The process side of things hinges upon governance. Decentralizing data ownership to the organization sounds great—as long as there are data standards that ensure everyone is on the same page in terms of data product quality. Each data product has to be tested, scalable, and discoverable. You will need clear definitions of each and every data element that you publish.
Once you’ve got all this figured out, it’s time to focus on tooling. How exactly are you going to build this? What are the best solutions to support a distributed, domain-driven data architecture? To follow the data mesh model effectively, teams need a place where they can store and process data easily, while making it accessible to every data expert across their organization. Those teams also need self-service capabilities for data discovery, data pipelines, and data analytics. And they need the ability to build things quickly while still observing organization-wide data standards and best practices.
Up until very recently, having the right technology in place has been the key roadblock to the effective implementation of the data mesh paradigm. This is because the technology simply didn’t exist.
The need for a simple yet powerful solution
Because of the different types of data professionals and their different roles and responsibilities in a data mesh implementation, the right technology solution needs to be collaborative and powerful without being rigid.
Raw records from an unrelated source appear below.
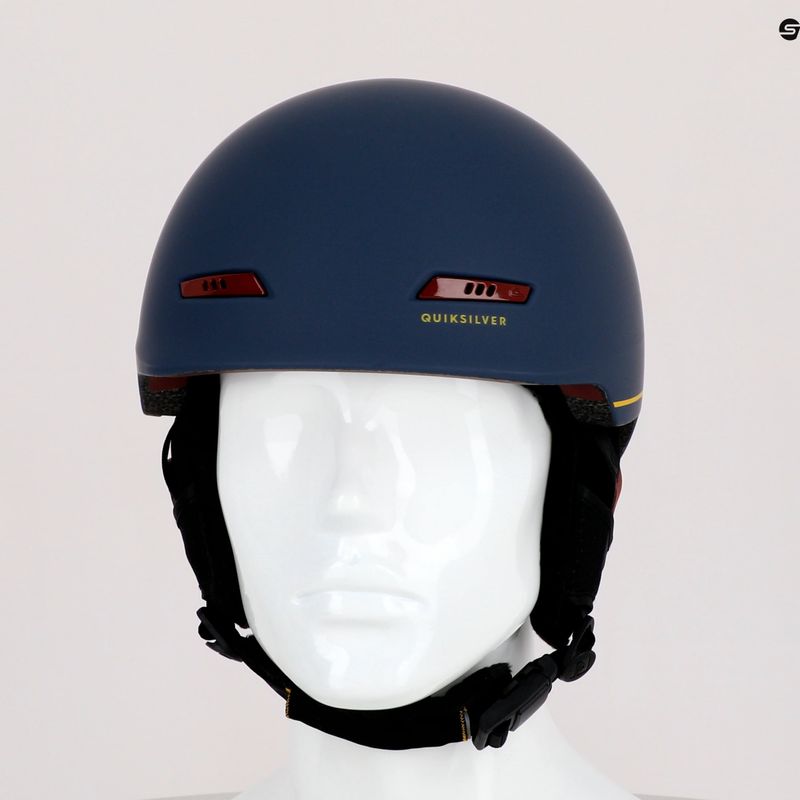 Quiksilver Play M HLMT Snowboardhelm blau EQYTL03057-BYJ0 9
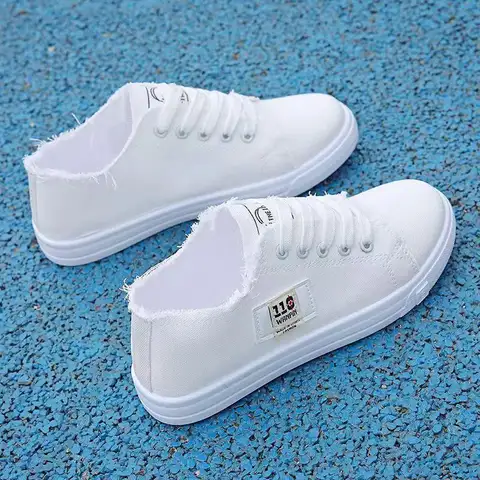 Chaussures en jeans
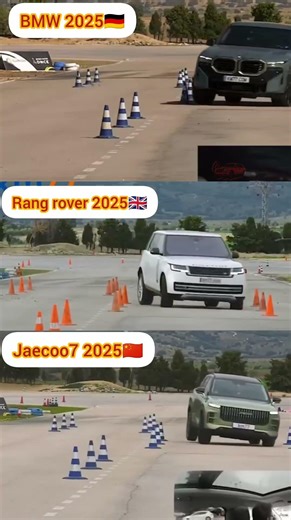 Extreme Stability Test | BMW vs Range Rover vs Jaecoo 7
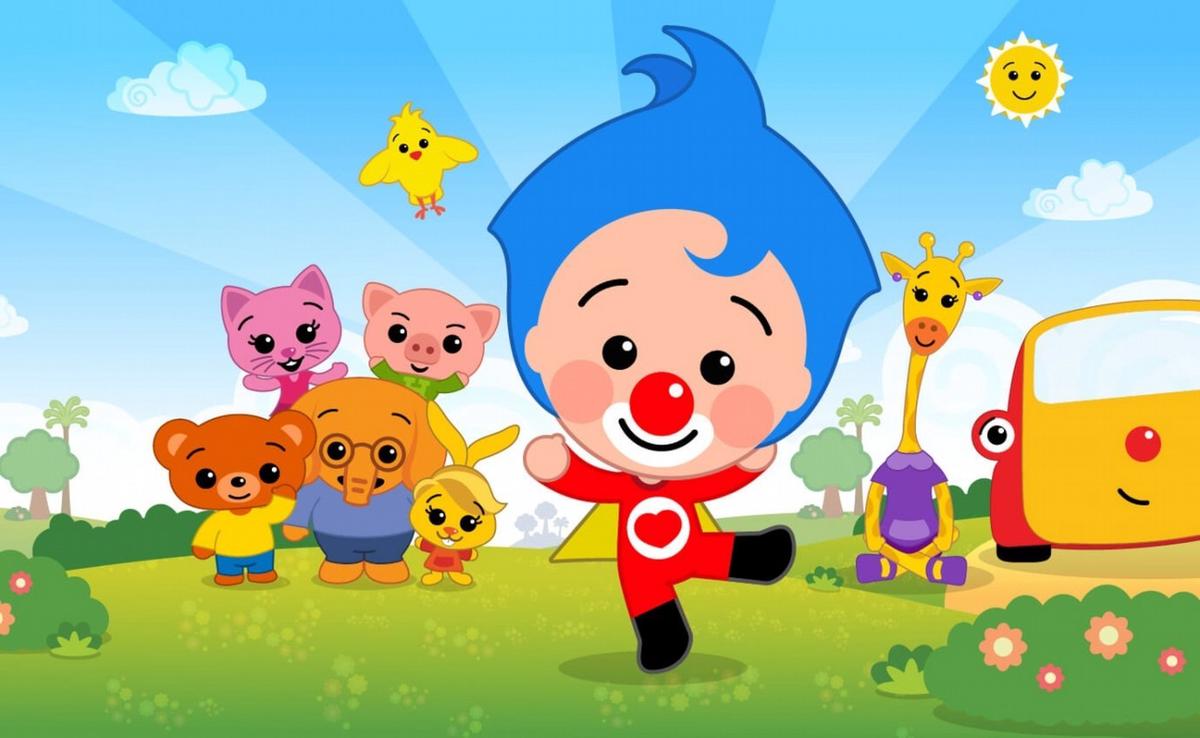 La historia detrás de la serie animada argentina "El Payaso Plim Plim".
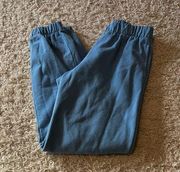 Brandy Melville Blue sweatpants one size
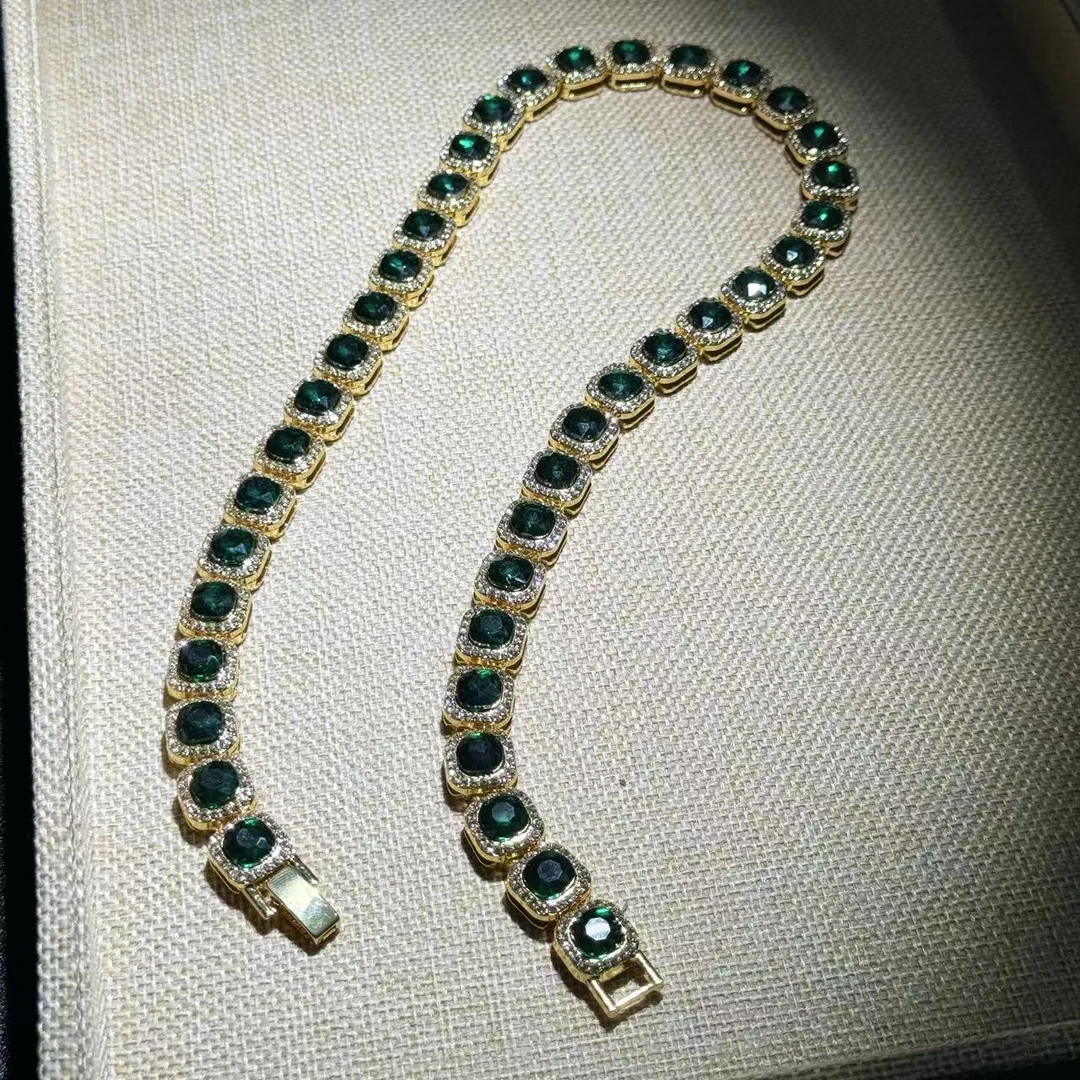 SS高奢项链绿SJ090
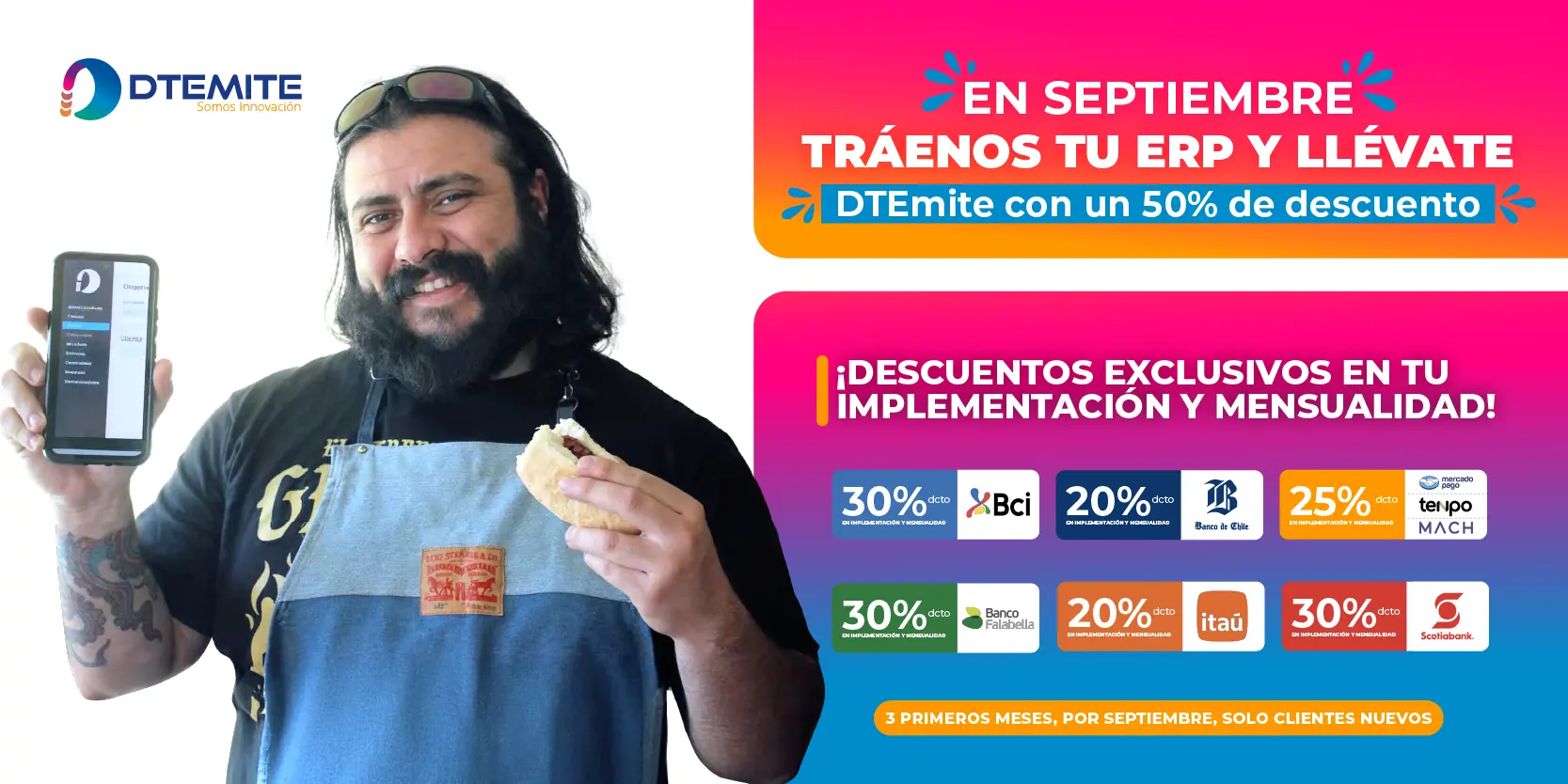 Campaña de Descuentos ERP Septiembre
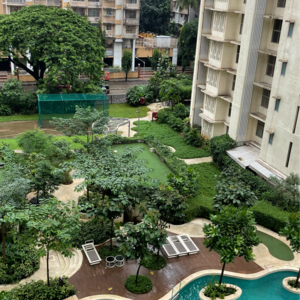 3 BHK Apartment – Exterior View View at Lodha Bel Air, Br Nagar - for Rent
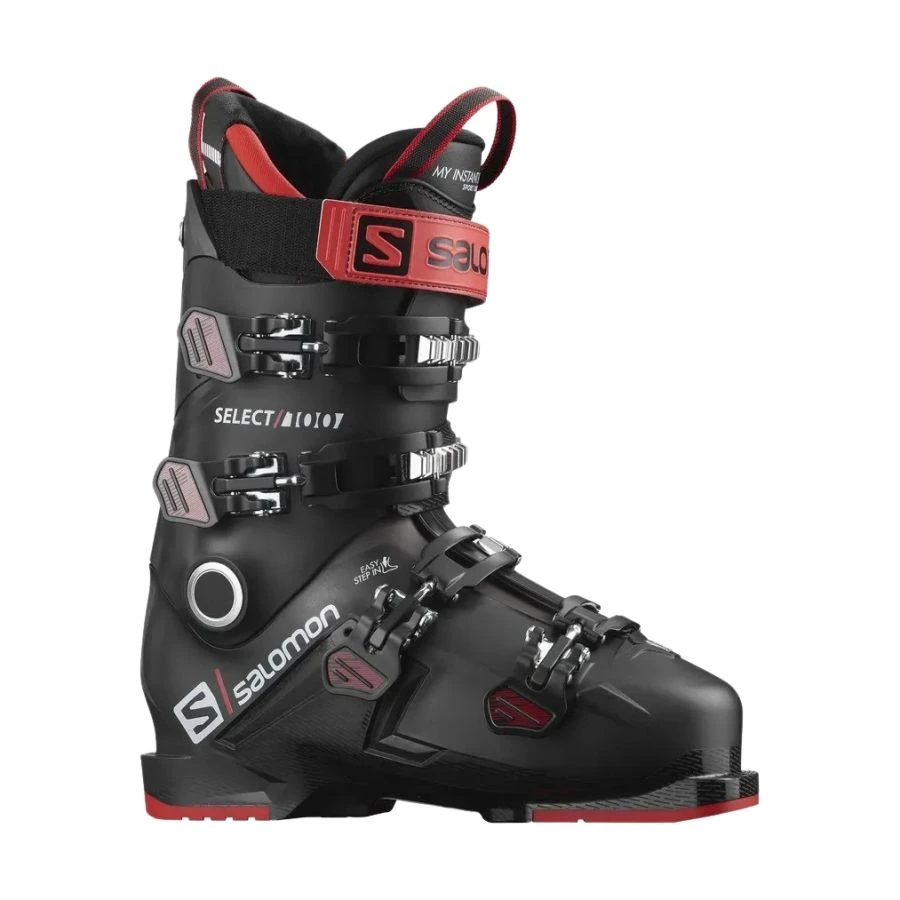 Salomon Select 100, Skistøvler, Herre, Sort/rød 3 Salomon Select 100, Skistøvler, Herre, Sort/rød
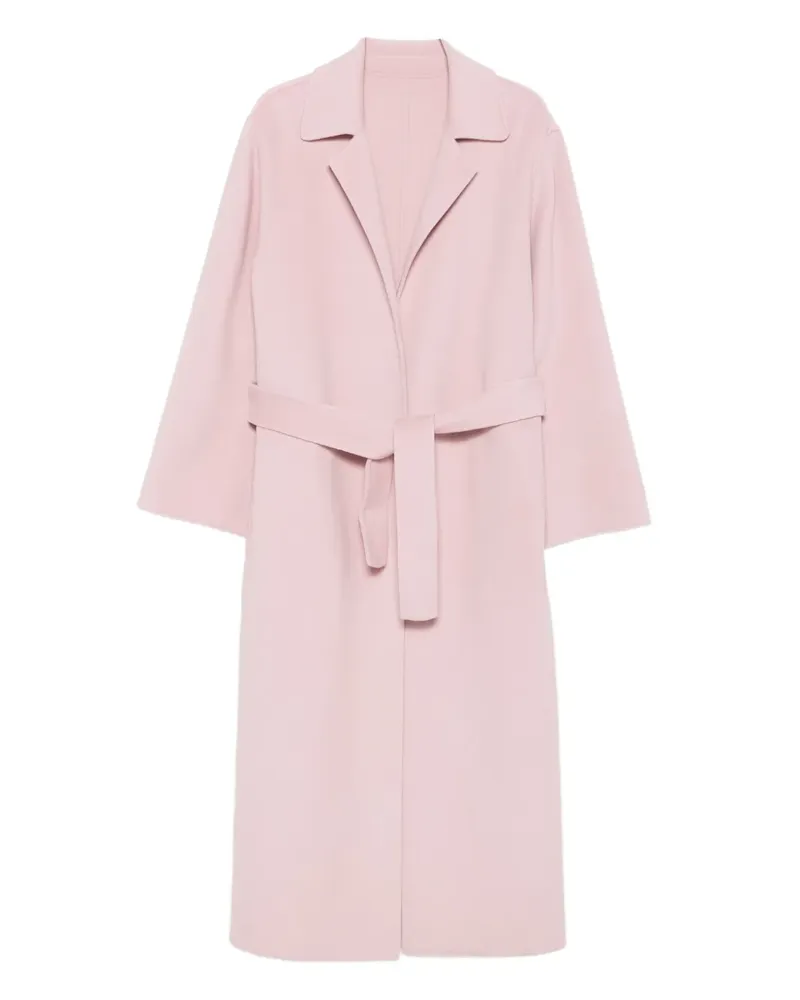 Alberta Ferretti Mantel mit Gürtel - Rosa Rosa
It has to mirror the way data teams work within an organization, granting the autonomy to create data products while maintaining data integrity and strict adherence to data standards. At the same time, it needs to be accessible to data professionals who are less technical, but who require the ability to build the data products they need at the same pace as experienced, technical data experts.
In the past, there weren’t really any solutions that worked for both types of data practitioners. Most solutions skewed toward hardcore coding, making data projects difficult or impossible to work on unless you were a very technical data engineer or architect. Meanwhile, business or data analysts had to resort to last-mile data transformations using business intelligence and data preparation tools because they didn’t normally have advanced technical skills or access to the data warehouse to build data projects or perform data transformations themselves. But these BI and prep solutions are built for business only, and don’t have enough power under the hood to build a strong, scalable data foundation.
Coalesce for data mesh
We built Coalesce to be the best platform on the market for data mesh implementations by making it possible to build and maintain data projects that are accessible, standardized, and scalable for domain teams. Our decentralized, self-service, and governed approach to creating and distributing data products embodies the key principles of data mesh. It’s designed to help data teams treat change as a constant (which it is) and create their own nimble framework for producing data products and maintaining transparency on data heritage, quality, and usage.
This iterative way of developing data products relaxes the tension between overworked centralized data teams and frustrated lines of business, because everyone is getting business- and AI-ready data at the pace that they need it, while borrowing and building on the quality and governed work of others.
As enterprises continue to generate more data—accelerated in part by rapid advances in AI—data mesh will become a prerequisite for effective decision-making and data utilization. Implementing data mesh isn’t without its challenges, but by adopting solutions that are both easy to use and that enable people to build quality data products quickly, companies will be well on their way to reaping the many benefits of a decentralized data ownership strategy.